Lines from the one with "Brown Chevron Abstract" up to and including the one with "هاتف يعرض قائمة" are to be copied exactly from the records below, without their pictures.
[[ INFORMATION SHOWN open ]]
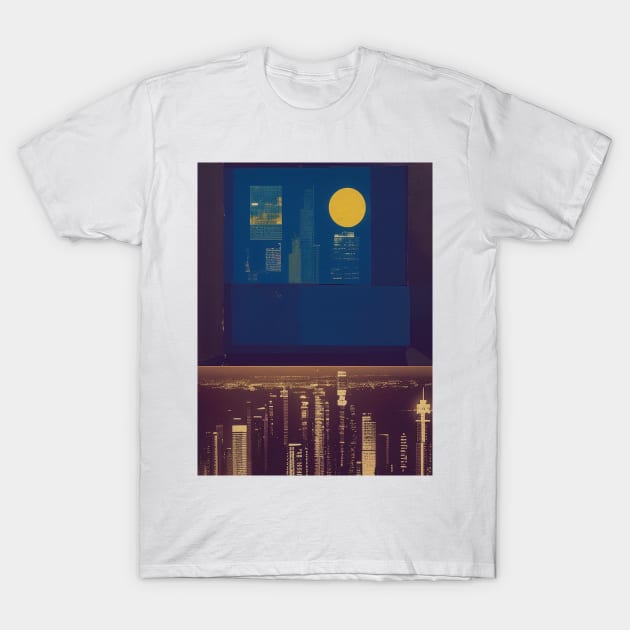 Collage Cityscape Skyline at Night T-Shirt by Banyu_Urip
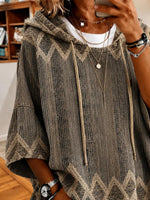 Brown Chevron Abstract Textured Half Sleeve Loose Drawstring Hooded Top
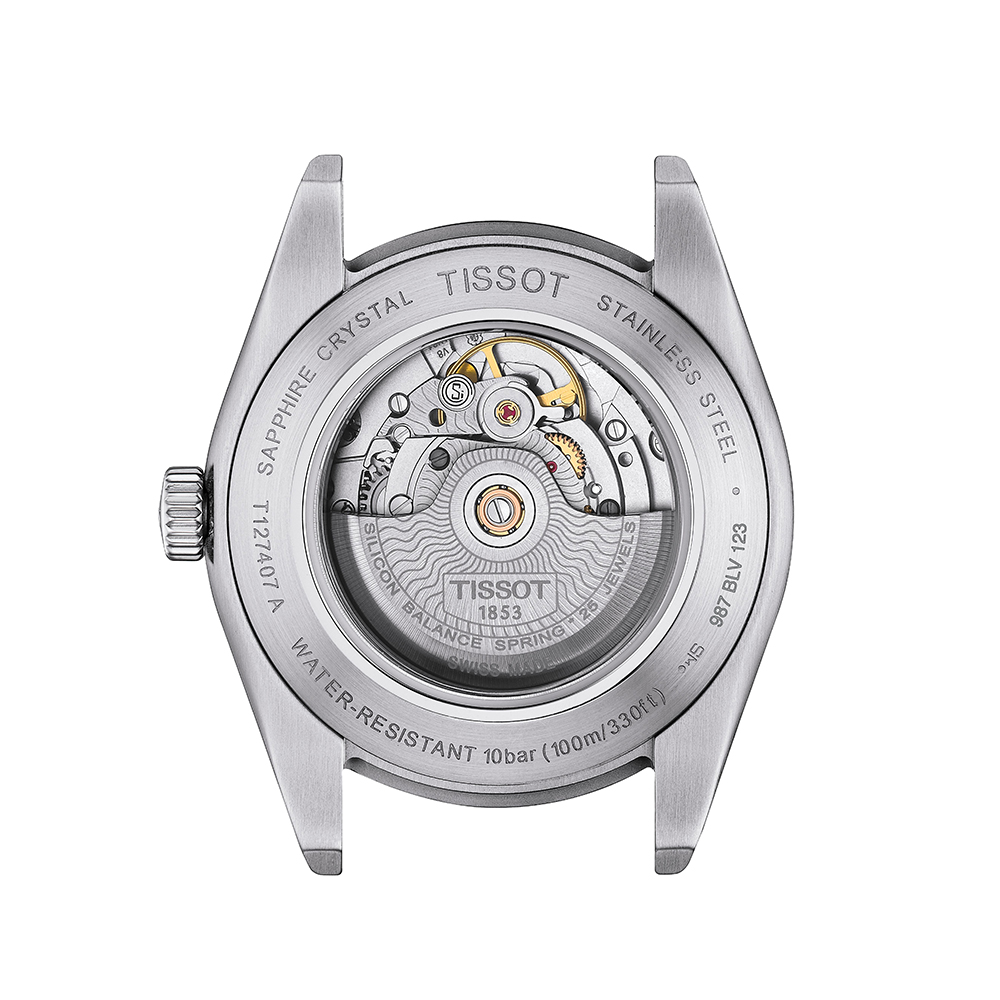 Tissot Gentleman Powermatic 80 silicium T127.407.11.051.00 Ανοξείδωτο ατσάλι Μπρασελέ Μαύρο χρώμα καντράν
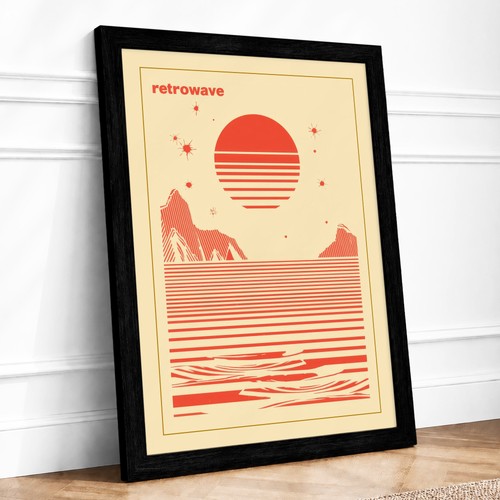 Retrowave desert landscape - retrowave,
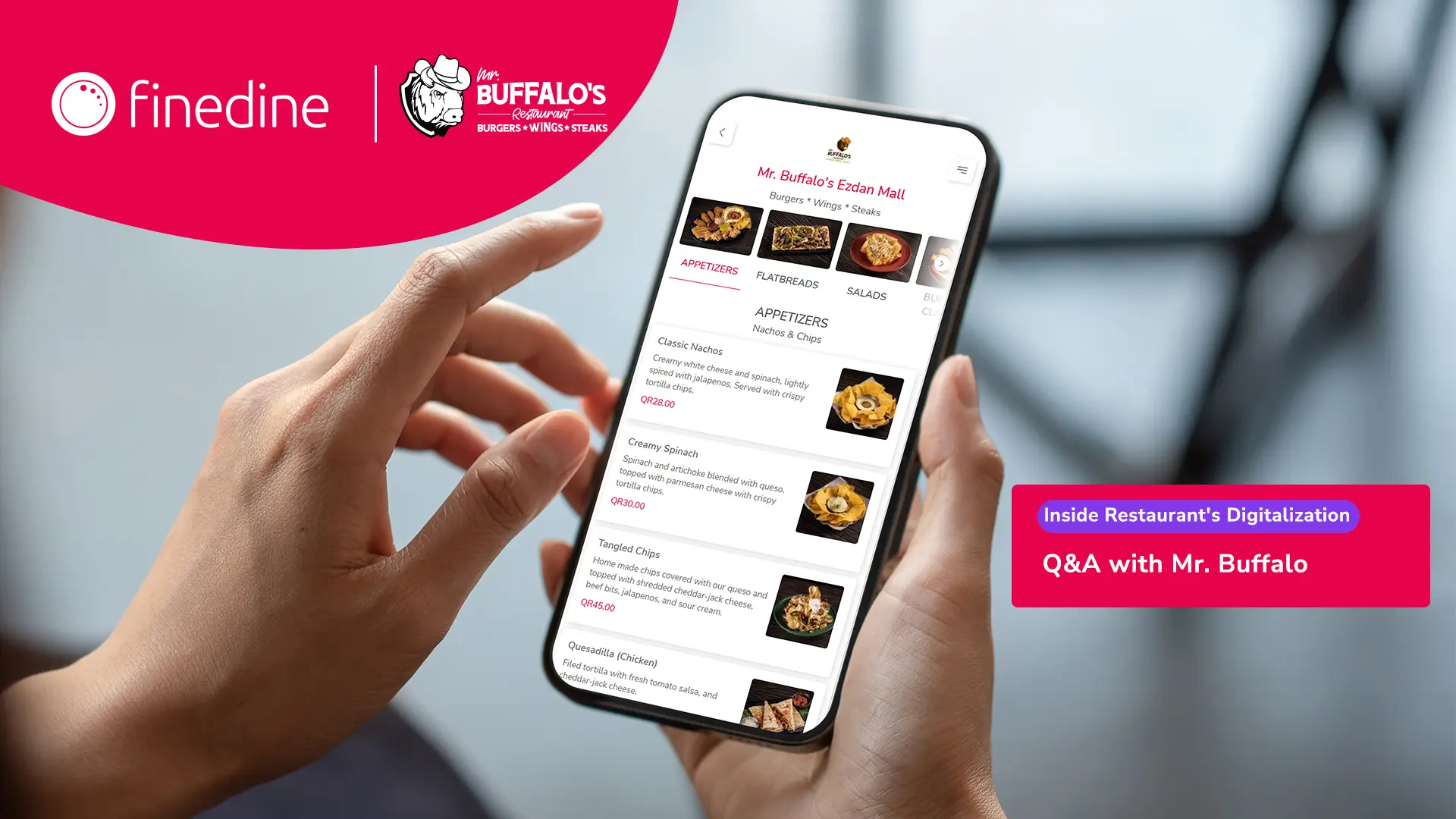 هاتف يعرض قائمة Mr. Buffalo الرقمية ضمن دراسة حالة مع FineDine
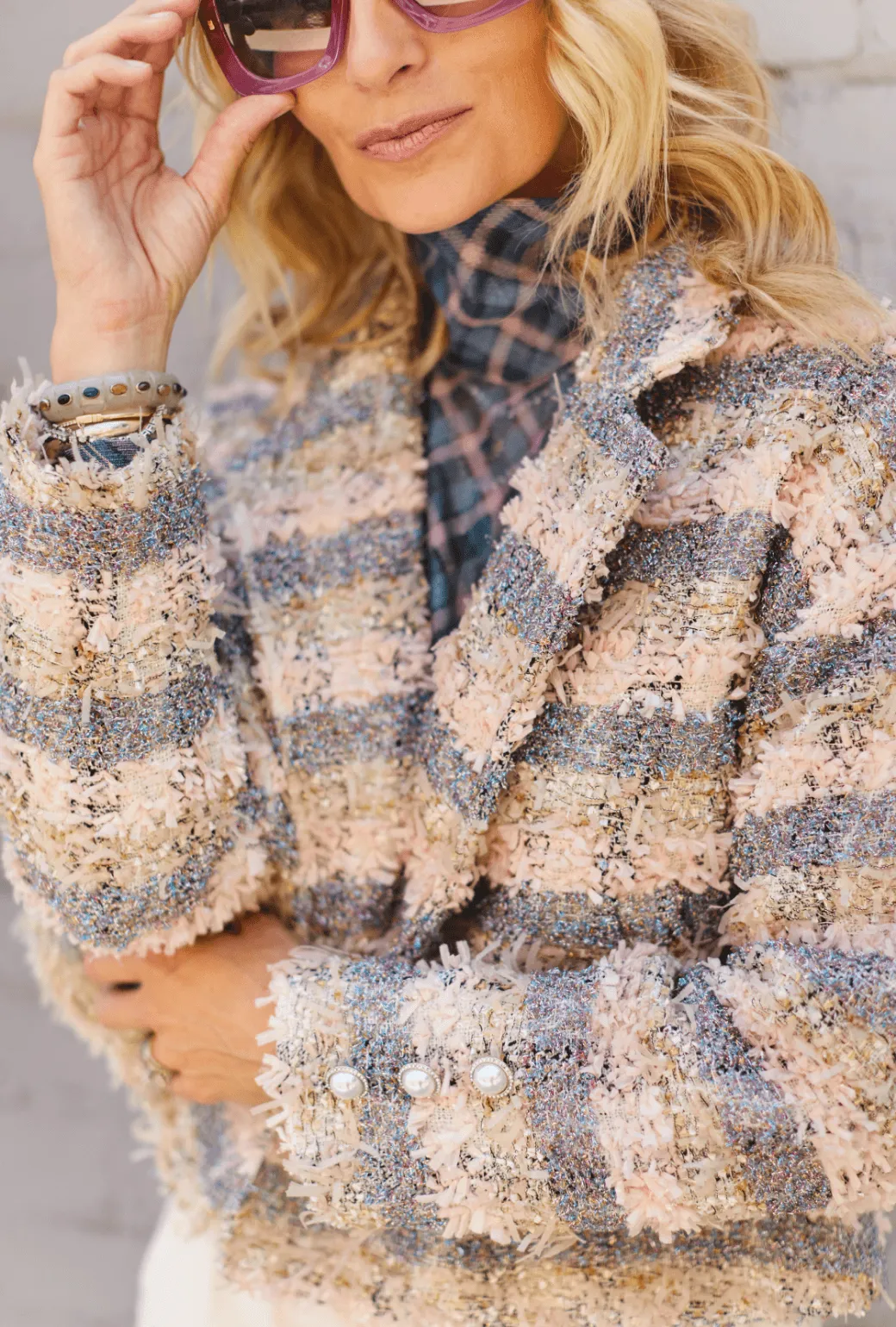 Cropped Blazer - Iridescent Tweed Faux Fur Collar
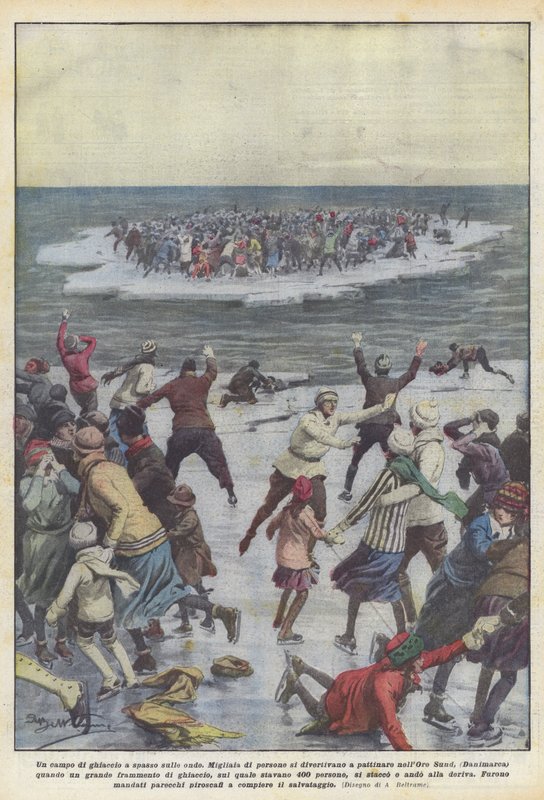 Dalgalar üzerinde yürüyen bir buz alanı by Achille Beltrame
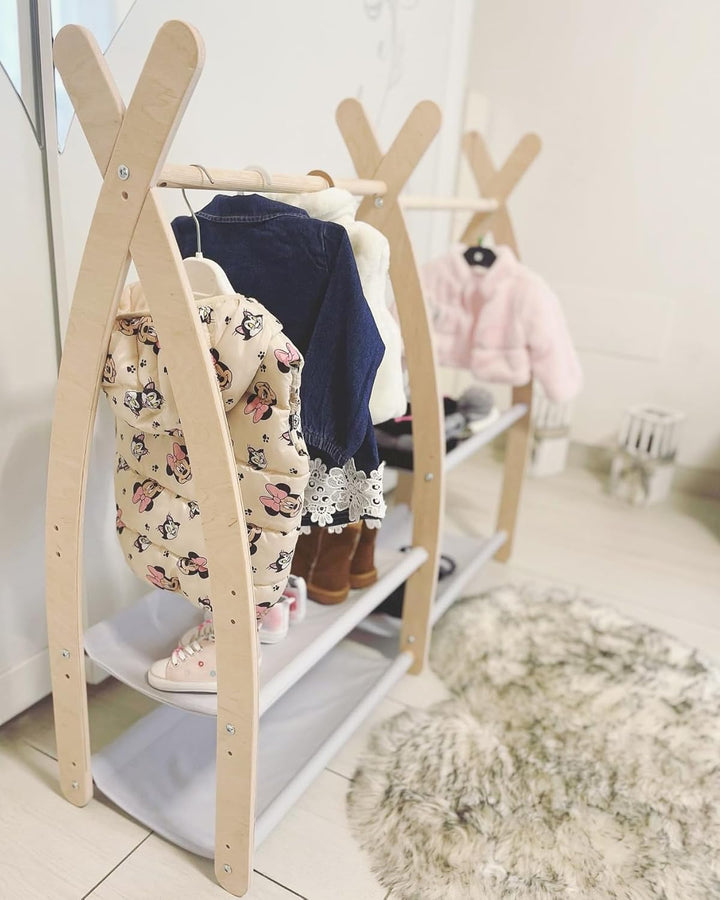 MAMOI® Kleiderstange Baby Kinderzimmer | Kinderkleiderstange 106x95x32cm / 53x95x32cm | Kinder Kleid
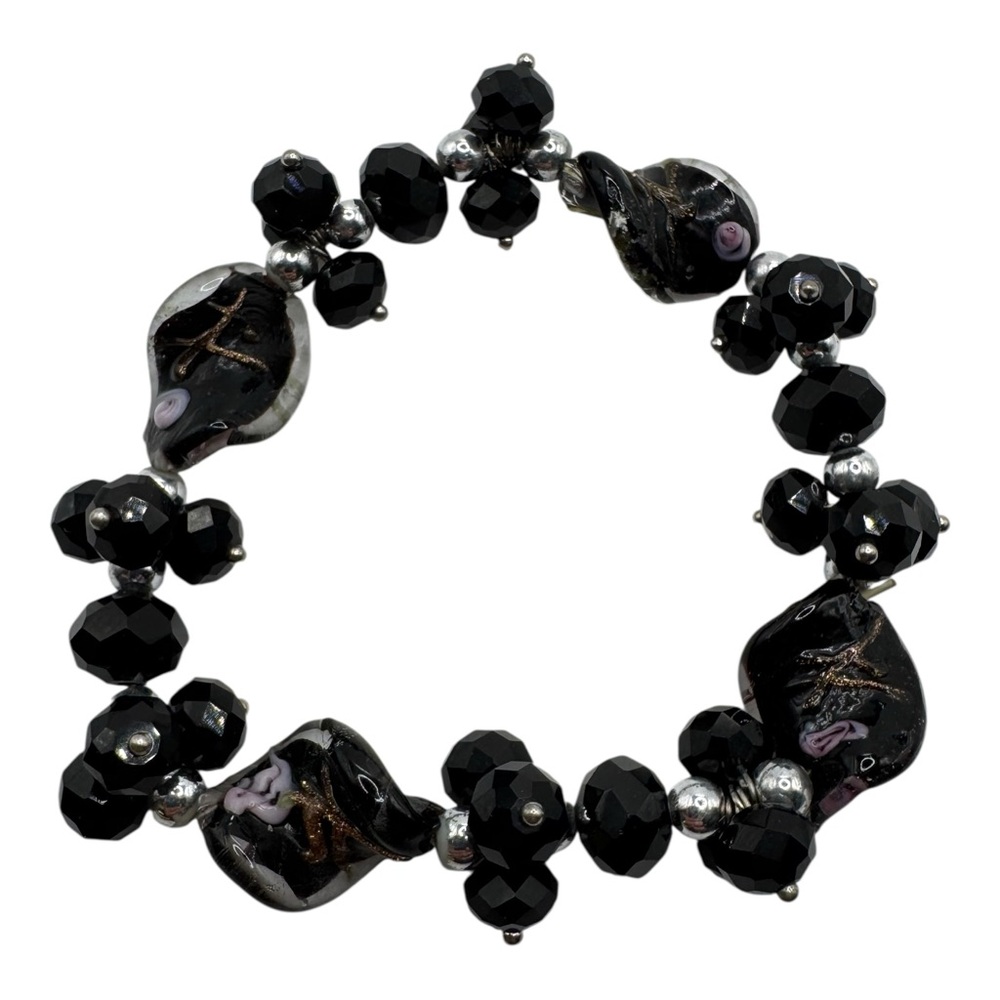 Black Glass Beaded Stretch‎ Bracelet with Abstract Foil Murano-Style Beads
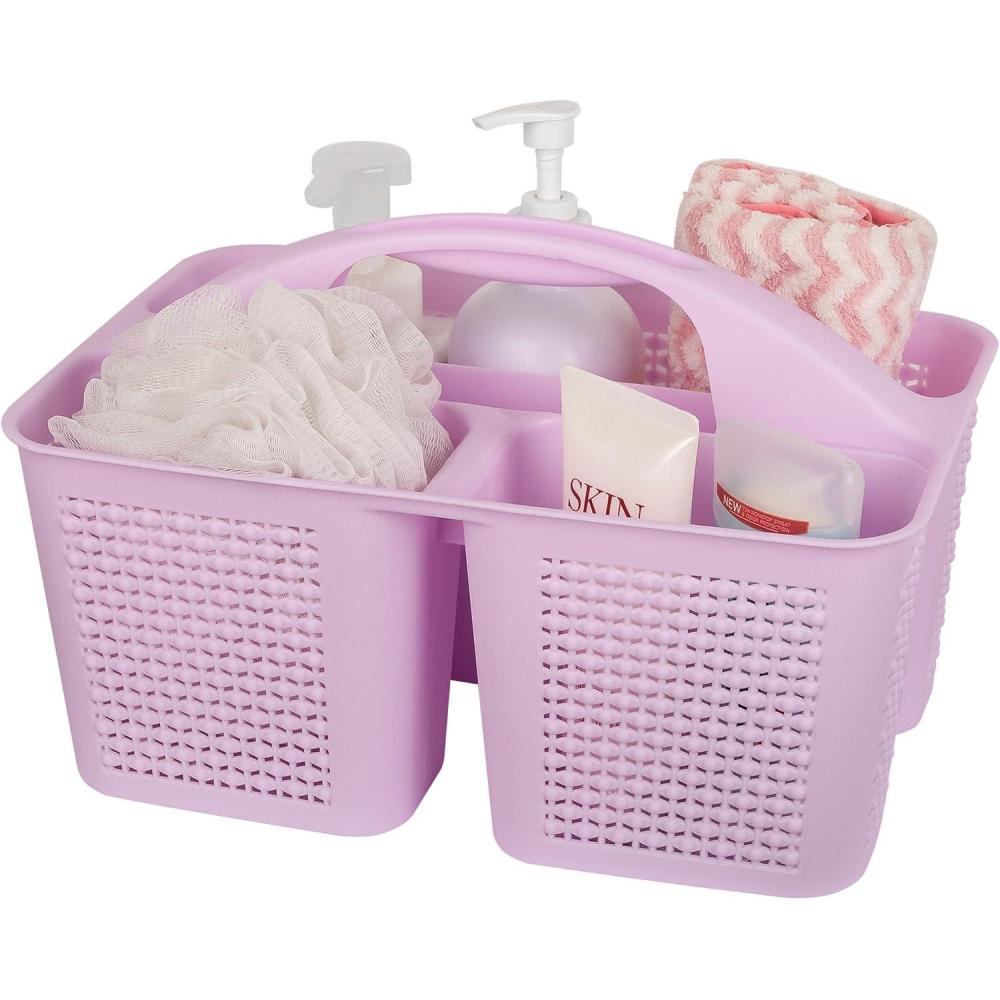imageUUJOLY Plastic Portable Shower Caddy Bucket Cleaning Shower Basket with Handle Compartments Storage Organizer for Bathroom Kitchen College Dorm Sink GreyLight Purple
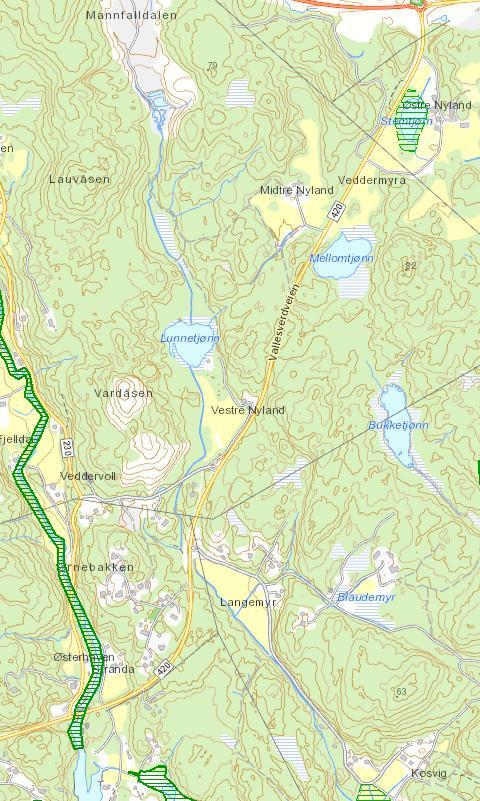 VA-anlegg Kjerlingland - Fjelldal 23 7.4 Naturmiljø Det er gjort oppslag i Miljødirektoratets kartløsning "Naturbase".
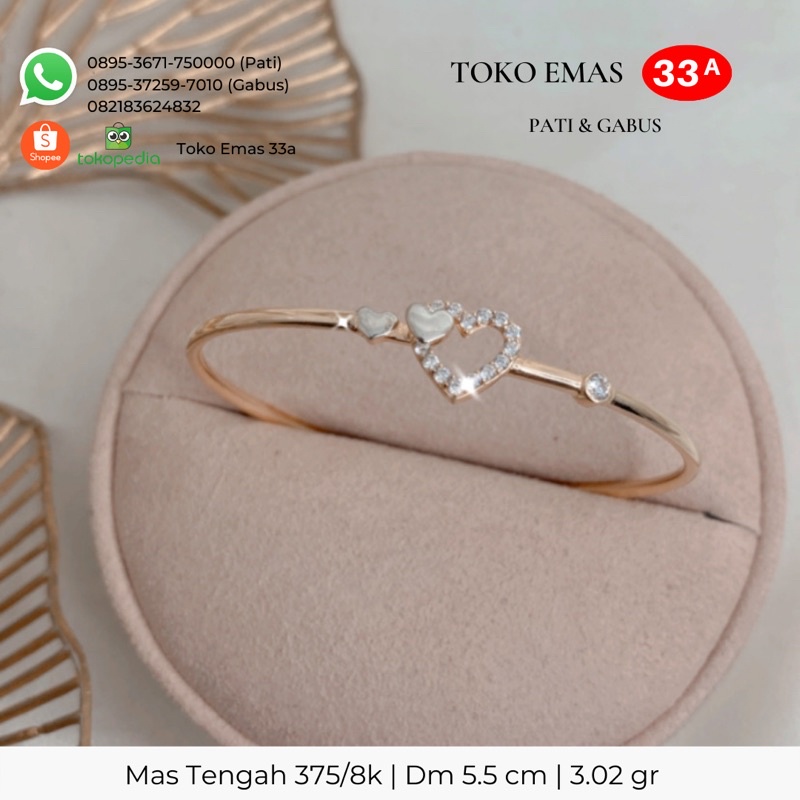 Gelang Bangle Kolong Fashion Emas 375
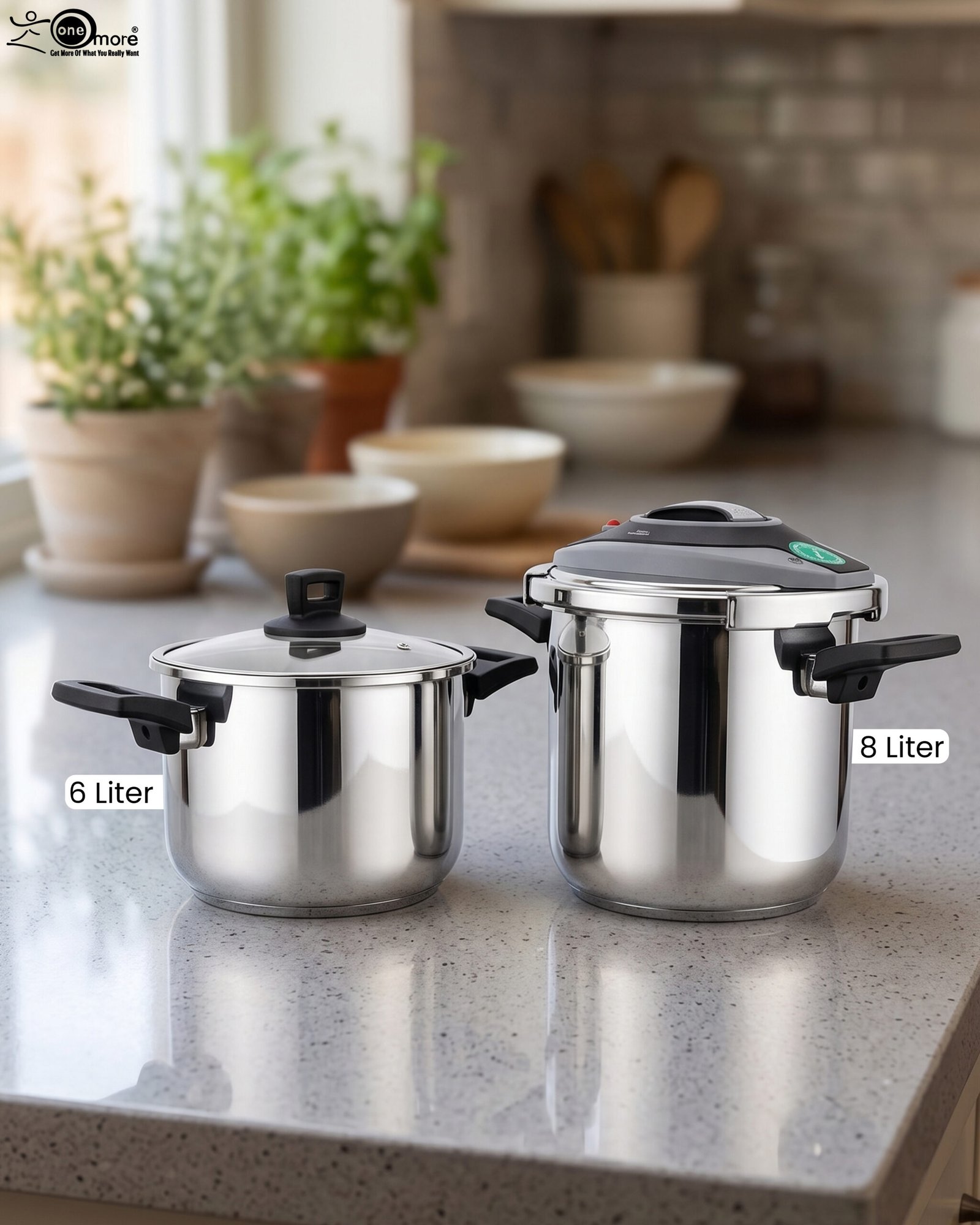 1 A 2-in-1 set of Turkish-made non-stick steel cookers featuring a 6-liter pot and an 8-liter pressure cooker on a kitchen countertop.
[[ INFORMATION SHOWN closed ]]
> **ANSWER BELOW**:
 Brown Chevron Abstract Textured Half Sleeve Loose Drawstring Hooded Top
 Tissot Gentleman Powermatic 80 silicium T127.407.11.051.00 Ανοξείδωτο ατσάλι Μπρασελέ Μαύρο χρώμα καντράν
 Retrowave desert landscape - retrowave,
 هاتف يعرض قائمة Mr. Buffalo الرقمية ضمن دراسة حالة مع FineDine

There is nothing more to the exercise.